Kennedy made the remarks during a White House meeting about the space agency's priorities in late 1962, eighteen months after he urged the nation to put a man on the moon before the end of the 1960s.

Just 10 weeks before the November meeting, Kennedy had given a speech at Rice University, to help dedicate NASA's new Manned Spacecraft Center (now the Johnson Space Center) near Houston. That speech is remembered for Kennedy's stirring declaration, "We choose to go to the moon! We choose to go to the moon in this decade and do the other things, not because they are easy, but because they are hard."

In the Rice University address, Kennedy declared that space exploration was important not only for its technological and scientific benefits, but for its own sake. However, this speech, long considered a prime example of Kennedy's visionary stance on Apollo, contrasts with his private remarks on the newly declassified tape.

The John F. Kennedy Library in Boston has just released a tape recording of the meeting, which took place at the White House on November 21, 1962. In the meeting, Kennedy faced off against NASA Administrator James Webb, who pushed for a broader mission for NASA.

Uplink Your Views
Did JFK have the right priorities? Share your views in Uplink!

On the tape, Webb tells Kennedy that some of the nation's top space scientists doubt whether it is possible to send humans on a lunar voyage. "There are real unknowns about whether man can live under the weightless environment," he says. Committing to a manned lunar landing, Webb tells the president, could leave the country vulnerable to failure. Instead, Webb insists, landing on the moon should be only part of a broad effort by NASA to understand the space environment and its effects on human beings.

Webb's tone in confronting the nation's chief executive is fearless. Historian John Logsdon of George Washington University says Webb "must have felt very strongly about this," adding that there had been a running feud at NASA Headquarters about how much importance Apollo should have.

But Kennedy stands firm, telling Webb that the moon landing is NASA's top priority. " This is, whether we like it or not, a race. Everything we do [in space] ought to be tied into getting to the moon ahead of the Russians."

Kennedy's science advisor Jerome Weisner, also present at the meeting, agreed with his boss. Initially an opponent of the Apollo program, Weisner can be heard telling Kennedy that scientsts "don't know a damn thing about the surface of the moon," adding that the landing attempt could be "a terrible disaster" if NASA doesn't find out ahead of time what the lunar surface is like. (NASA at this time was already planning the unmanned series of Surveyor landers to answer that question.)

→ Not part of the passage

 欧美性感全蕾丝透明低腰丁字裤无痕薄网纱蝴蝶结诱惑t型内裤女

Webb isn't ready to give up his quest for a broader mission, however, and tells Kennedy that NASA's goal ought to be "preeminence in space." The President responds by saying, "We've been telling everybody for five years we're preeminent in space, and nobody believes us." Kennedy's call for a moon landing in 1961 came after the Russians had launched the first human in space, Yuri Gagarin, to world acclaim.



"I don't think Kennedy ... had any strong views on the long-term importance of space exploration."
- Historian John Logsdon, George Washington University

Now, he tells Webb that beating the Russians to the moon "is the top priority of the agency and ... except for defense, the top priority of the United States government. .... Otherwise, we shouldn't be spending this kind of money, because I'm not that interested in space."

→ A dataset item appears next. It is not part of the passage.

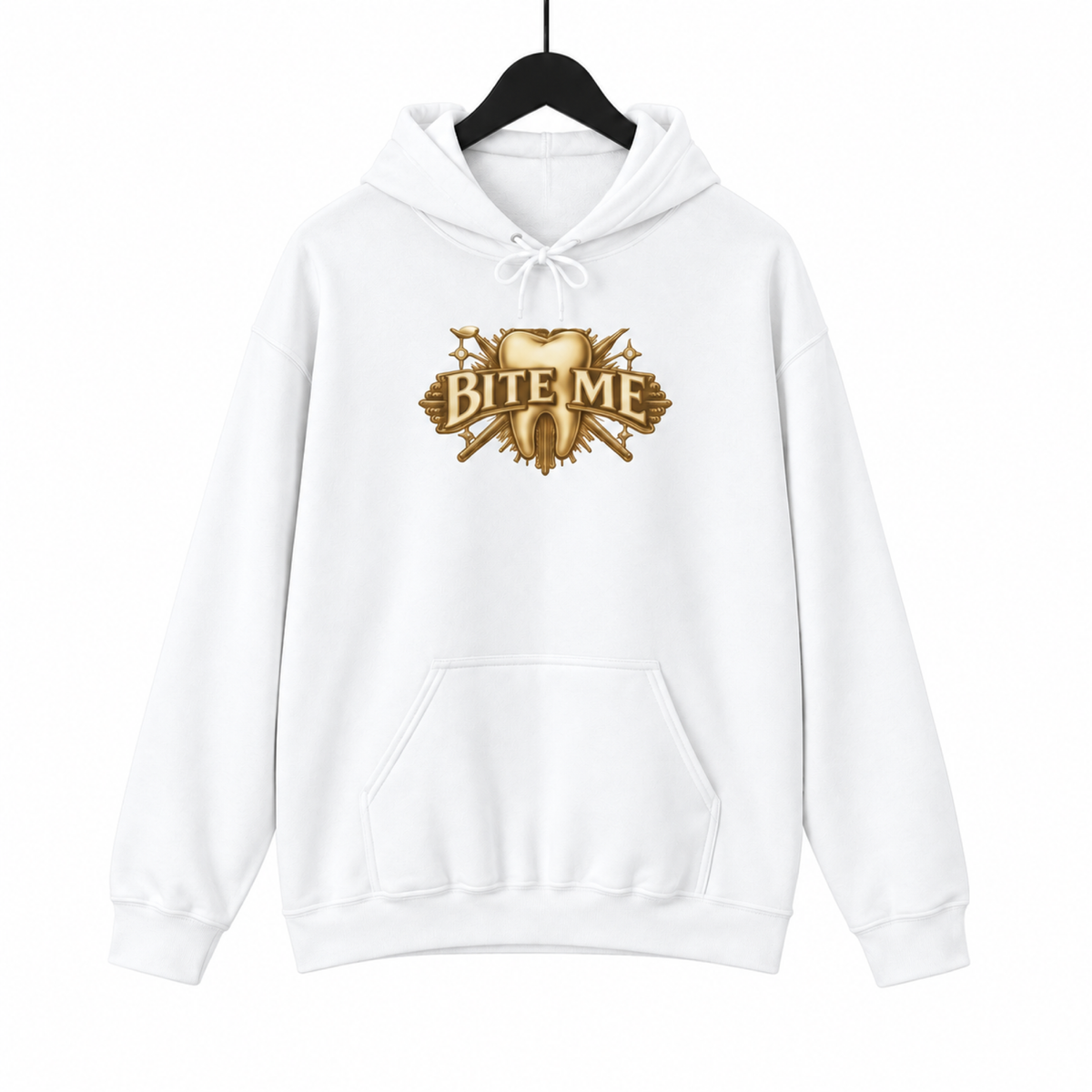 Bite Me Crest hoodie on a hanger against a white background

To Logsdon, the president's remarks challenge the popular view of Kennedy as a space visionary. "I don't think Kennedy, at the time he chose to do Apollo or any other time, had any strong views on the long-term importance of space exploration."

On the tape, Kennedy tells Webb, "I think it's good [to explore space], I think we ought to know about it, we're ready to spend reasonable amounts of money. But we're talking about *fantastic* expenditures. We've wrecked our budget, and all the other domestic programs. And the only justification for it, in my opinion to do it [on this schedule] is because we hope to beat them, to demonstrate that starting behind, and we did, by a couple of years, by God, we passed them."